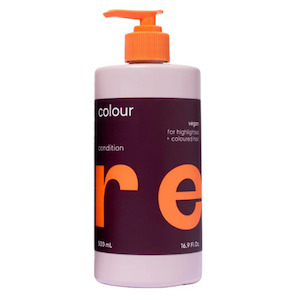 Conditioner: Nak - Care Colour Conditioner 500ml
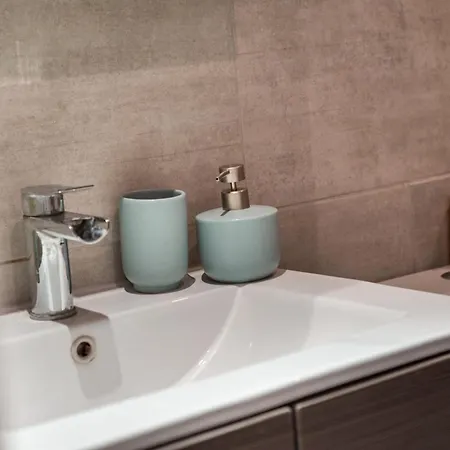 Cosy 2-bedroom Flat Close To Centre Appartement Édimbourg
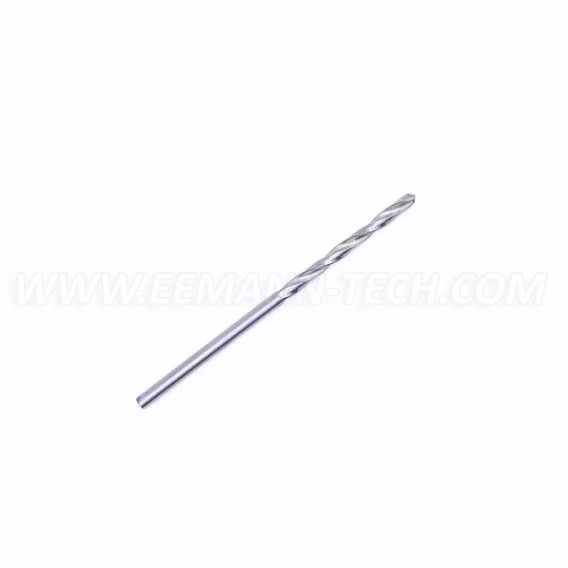 Eemann Tech - HSS drill for the cz front sight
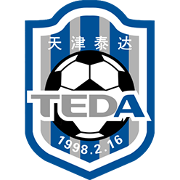  天津U20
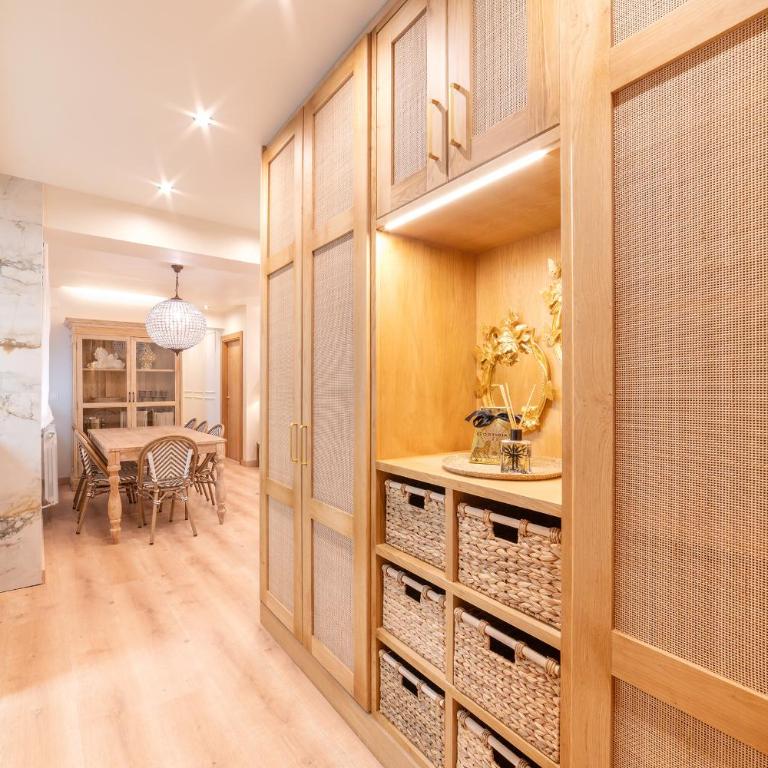 Cangas de Onís CENTRO - Apartamento de 3 dormitorios - 19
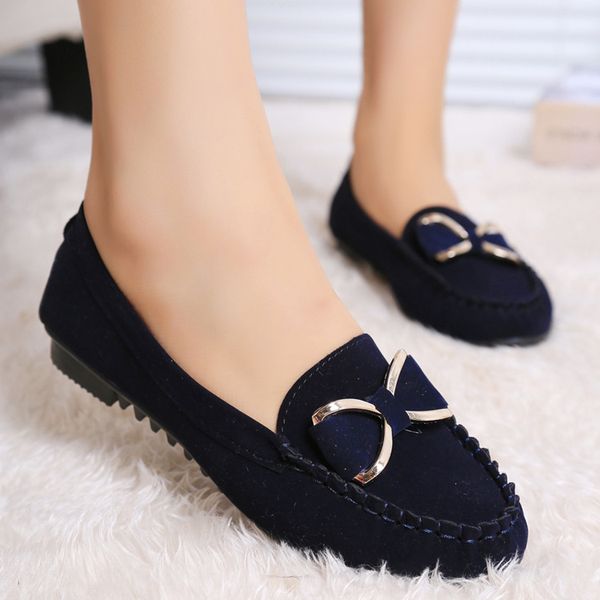 fashion leisure women slip-on loafers round toe casual flat single shoes shallow pu ladies casual shoes, Black
fashion leisure women slip-on loafers round toe casual flat single shoes shallow pu ladies casual shoes, Black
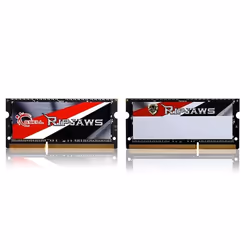 G.Skill 8GB DDR3-1600 module de mémoire 8 Go 1 x 8 Go 1600 MHz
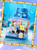 Spongebob Squarepant Building Block Diorama Sets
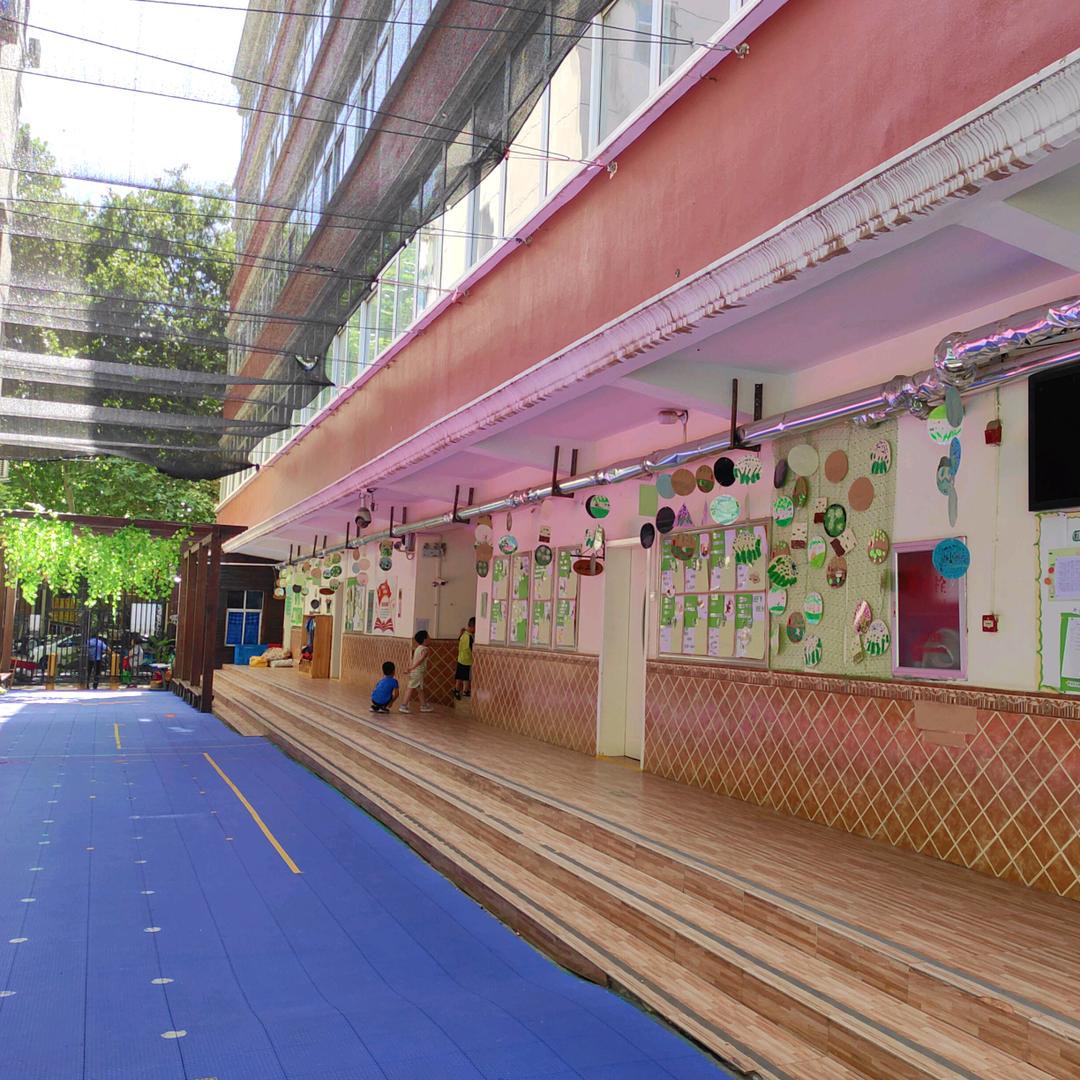 管城区小龙人幼儿园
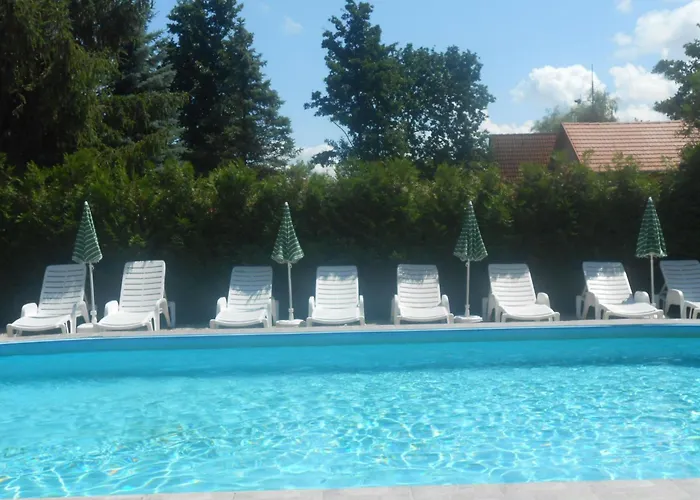 Feeienwohnung Am By Interhome * Balatonmáriafürdő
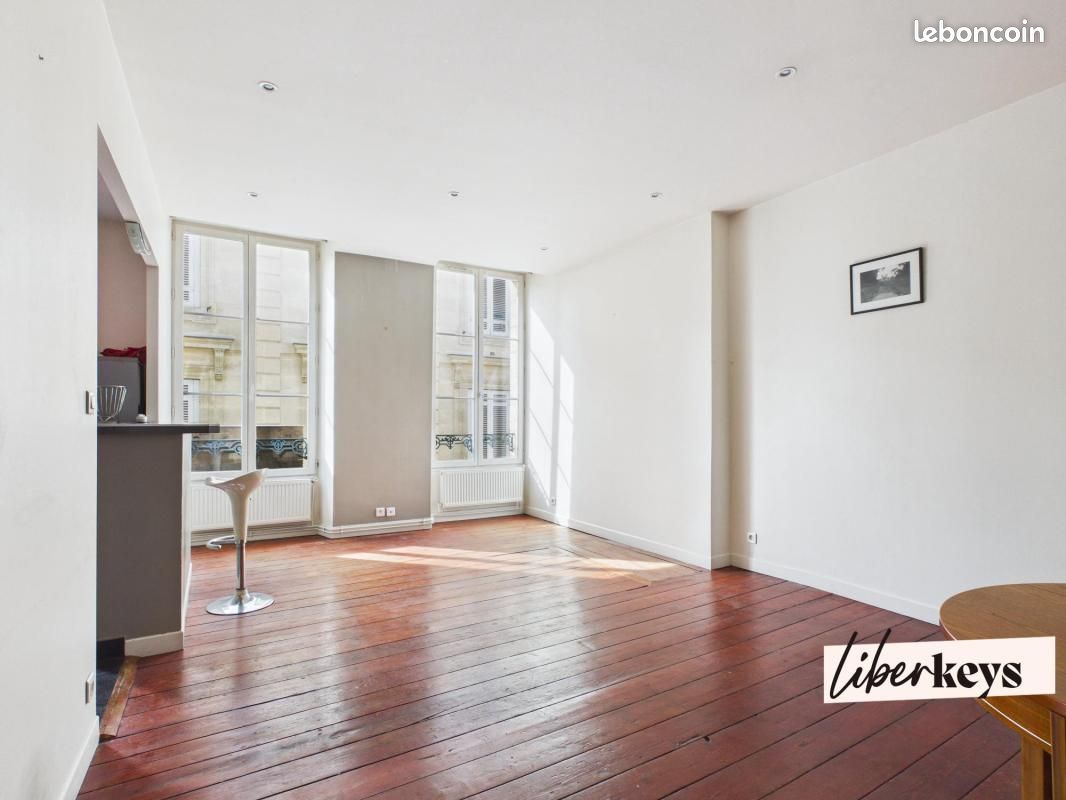 Appartement 2 pièces 60 m² · à Bordeaux · 60 m² · 325 000 €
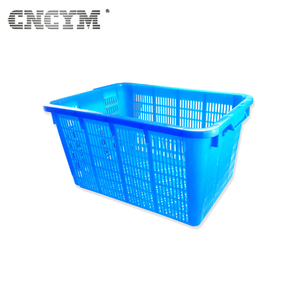 Chất Lượng cao khách hàng thực hiện thiết kế khuôn mẫu ép phun nhựa giá rẻ giá cá thùng khuôn, trái cây thùng khuôn - Product Image 4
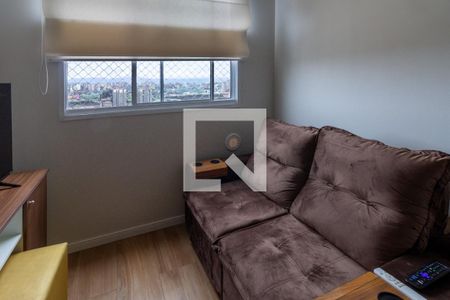 Sala de apartamento para alugar com 1 quarto, 24m² em Água Branca, São Paulo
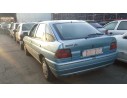 FORD ESCORT BERLINA/TURNIER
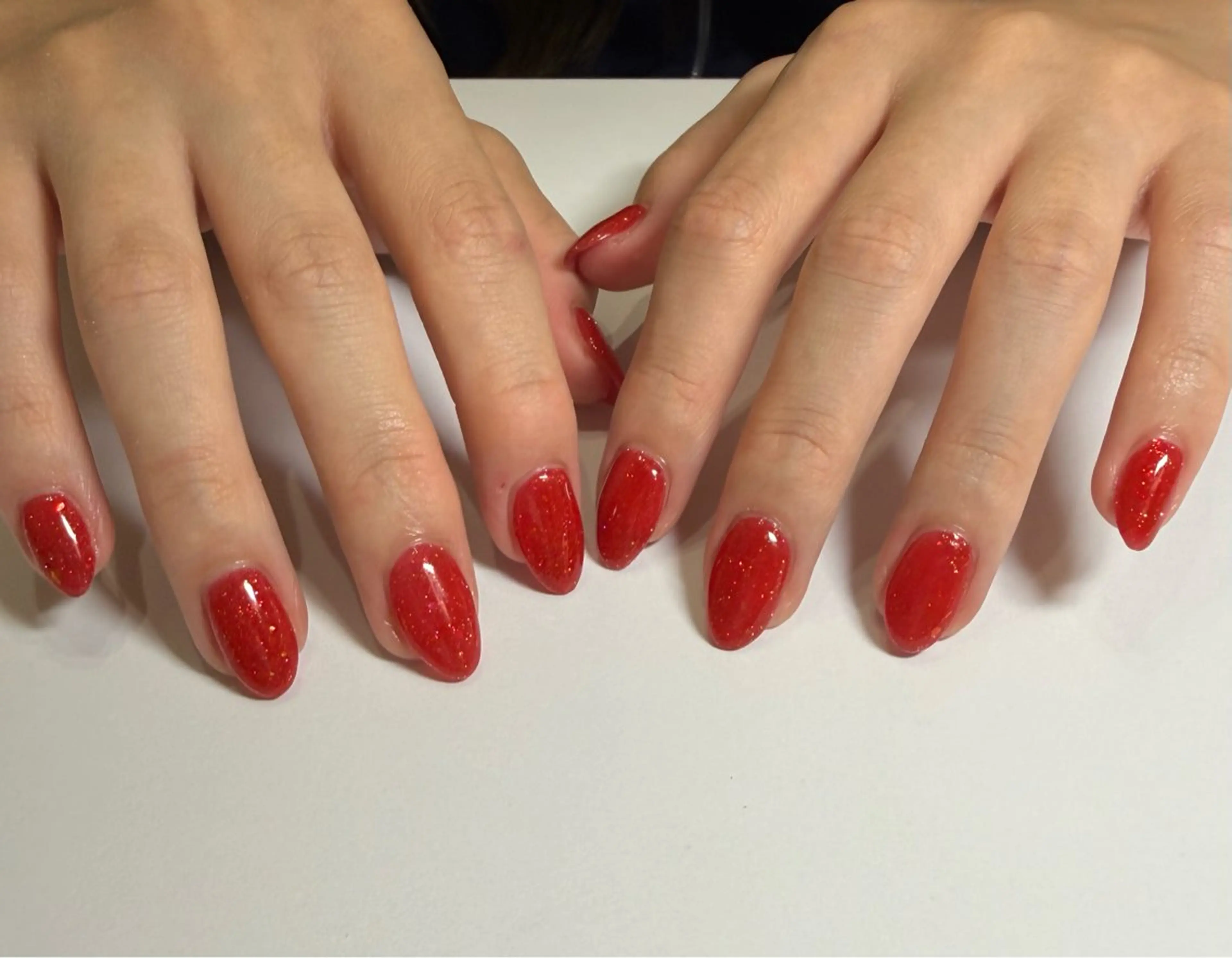 ネイル ハンドネイル GLAN lucia Marinのネイルデザイン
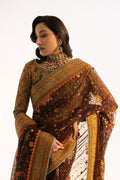 Fahad Hussayn | Ashk o Atar | SOROUR - by - Libasekhas UK - Registered Vendor of : Fahad Hussayn - 100% Original Designer Dresss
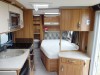 Used Swift Conqueror 570 2014 touring caravan Image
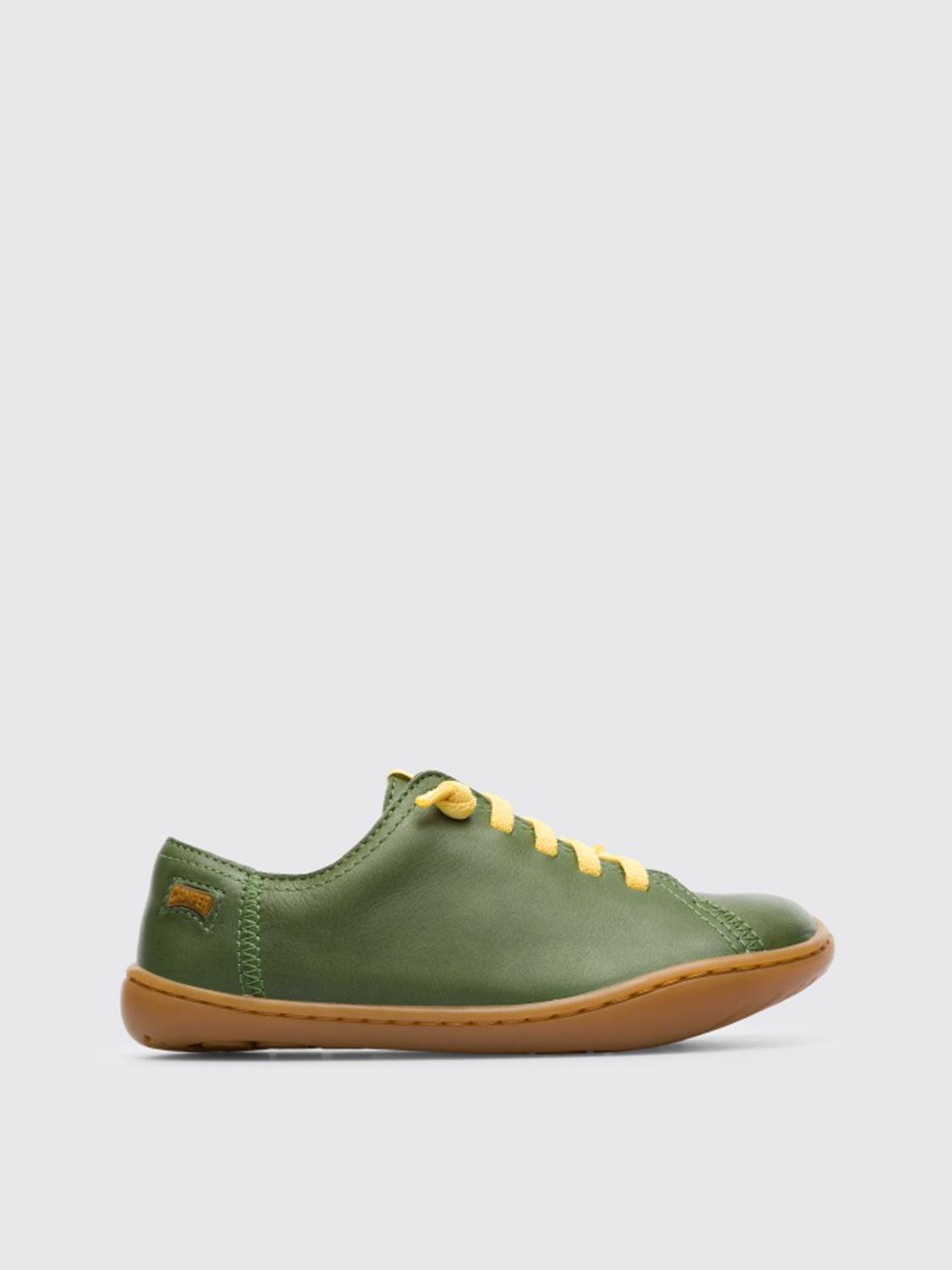 Camper Peu Camper trainers in calfskin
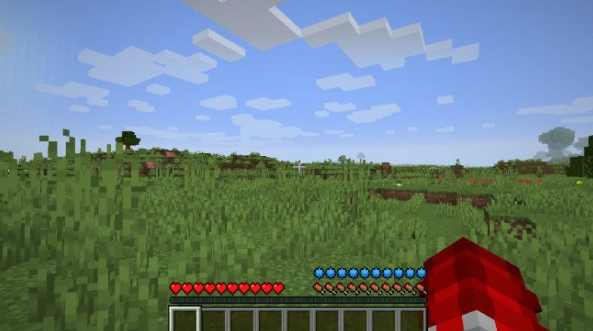 《我的世界》水源WaterSourceMod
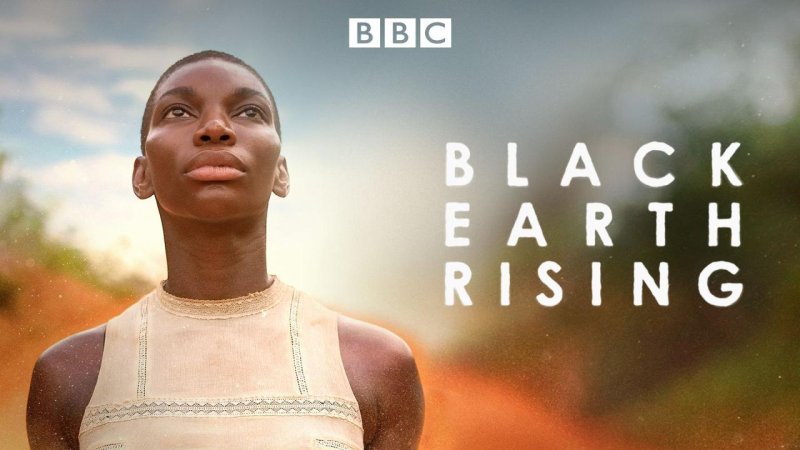 مسلسل Black Earth Rising الموسم الاول الحلقة 8 الثامنة مترجمة والاخيرة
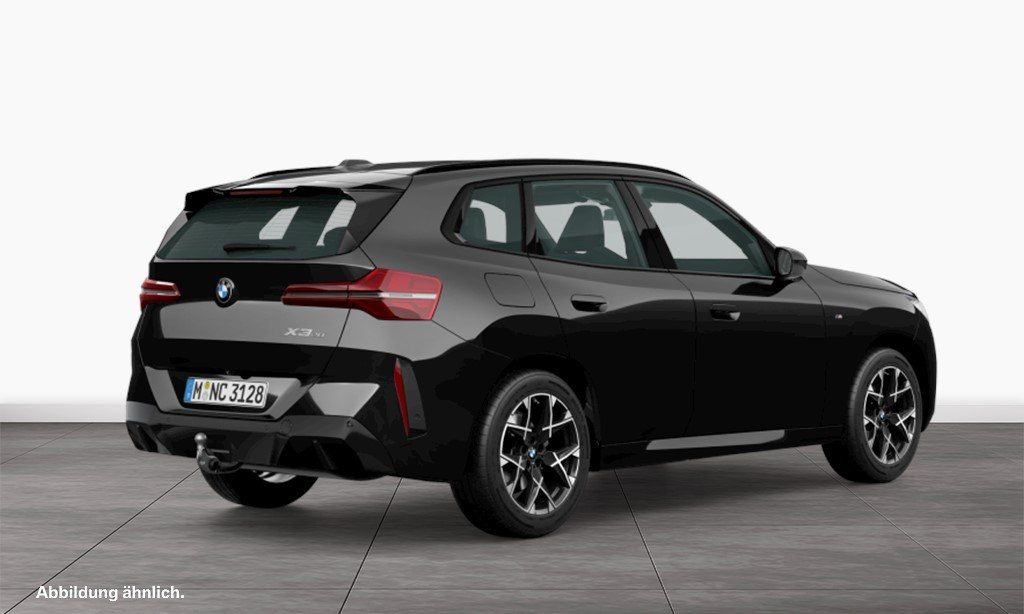 BMW X3 - Bild 2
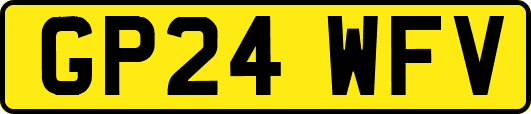 GP24WFV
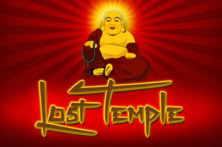 The Lost Temple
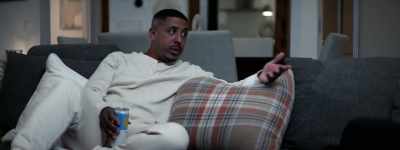 Remember after the whole Jason Maxwell thing happened, - Best Friend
——
| Work request |
The lines from the one containing "BMW X3 - Bild 2" through the last line of the records are what you should copy, word for word and nothing else, with pictures left out.

| Finished exercise |
 BMW X3 - Bild 2
 GP24WFV
 The Lost Temple
 Remember after the whole Jason Maxwell thing happened, - Best Friend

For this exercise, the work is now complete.